There’s nothing worse than being landed with a blocked toilet, especially when you are in a hurry. If you ignore it or pass the buck, you could wind up with a flooded bathroom floor.
That’s why we are sure that these quick and fuss-free hacks are just what you need.
Having a game plan for tackling a blocked toilet could potentially save you hundreds of dollars in plumbers fees and perhaps some embarrassment over the course of a lifetime.
These seven quick tactics for dealing with a clogged toilet don’t require fancy products or plungers, relying on basics you are likely to have to hand.
Anyway, we know you are in a hurry so let’s get on with delivering the low-down on how to unblock your lavatory and get your washroom back to its best.
Get a dollar store bucket and keep it on hand to fill with warm water and pour at height into your toilet. The pressure of an increased volume of water may be just what you need to give the blockage that needed shift.
If your lavatory is slow draining you are likely to have success. When you are done it is worth keeping that bucket to give a weak flush the extra bit of oomph your solids may need!
Solids can be effectively broken down by the action of bleach. For this method to work, the bleach has to be thick, and you need to give it time to work.
Obviously, bleach vapors are noxious so make sure that you have plenty of ventilation when using it. If it is successful, the level of the blockage should fall. You can flush or pour a bucket of water down to finish the job.

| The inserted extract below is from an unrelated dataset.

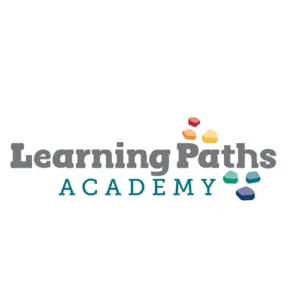 Learning Paths Academy at Sully Station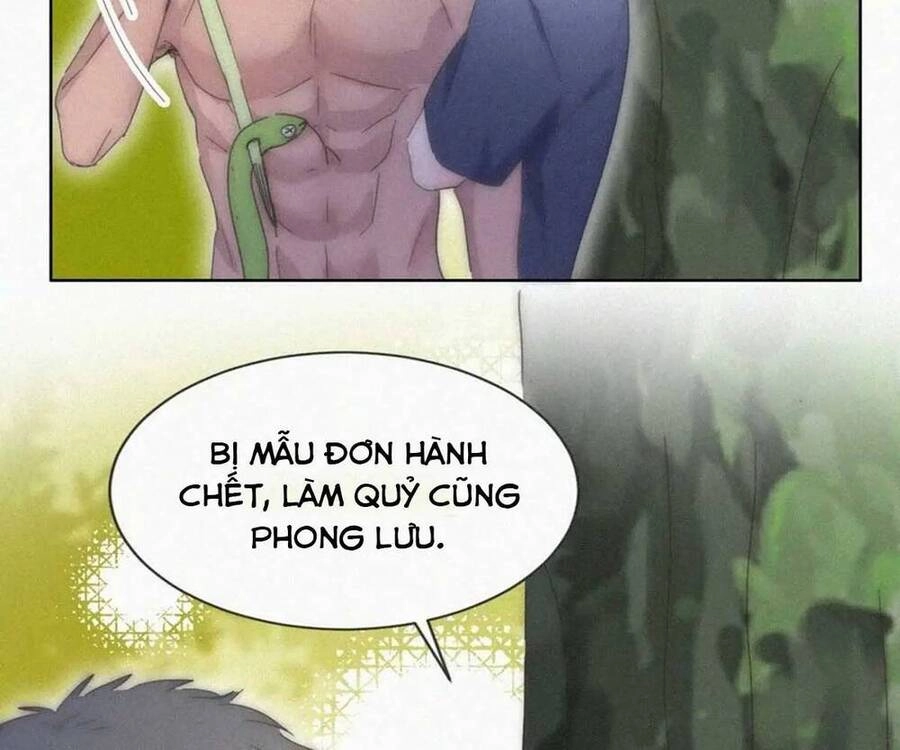 Nghịch Tập Chi Hảo Dựng Nhân Sinh Chapter 308 - 18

If you prefer a chemical-lite approach to unclog your toilet, salt and bicarb work a treat. Simply add around 250 grams of salt and bicarb to the toilet bowl, leave for a couple of hours and then add hot water to flush.

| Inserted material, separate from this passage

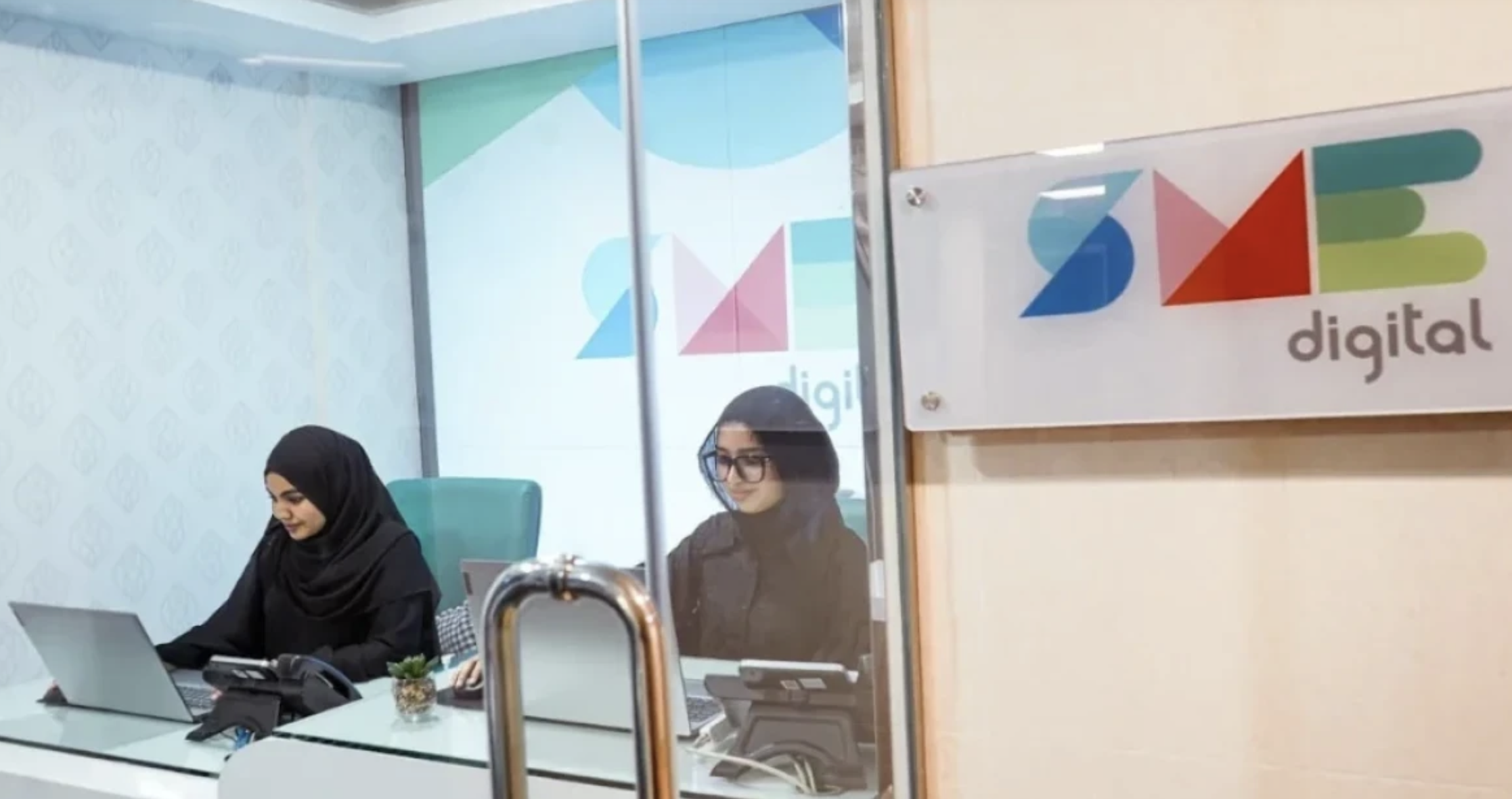 SME Digital Disburses Over MVR 375 Million in Business Loans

You may want to use the salt and bicarb combo on your drains too.
Dawn dish soap is a surprisingly versatile product, and it really gets into gear if you are dealing with a toilet blockage. It must be something to do with the surface tension or physics of your solid mass, but we have had success time and time again by putting this down liberally, waiting then giving a good flush.
The best thing about this hack is it will leave your bowl squeaky clean and smelling great too!
This is a tried and trusted method, but you need to be careful as hot water can crack pipes, especially in chilly weather. Use hot water alongside any of the previously mentioned techniques.
A bit of agitation is sometimes all that is needed for getting to grips with a recently blocked toilet. Use the brush with a similar plunging action as you would with a plunger.
If you are left with a mucky brush clean it off with repeated flushing and let others know where it has been. You can also keep some dollar store brushes on hand that can be discarded as soon as you're done.
If your first response is “Ewwww!”, then this is not for you, friend. But if you don’t want the expense of a plumber and you are pressed for time, getting on some gloves and removing or macerating an obvious blockage will probably do the job.
Be careful doing this if you have put bleach or caustic substances down there, goggle-up and wash thoroughly after the job is done.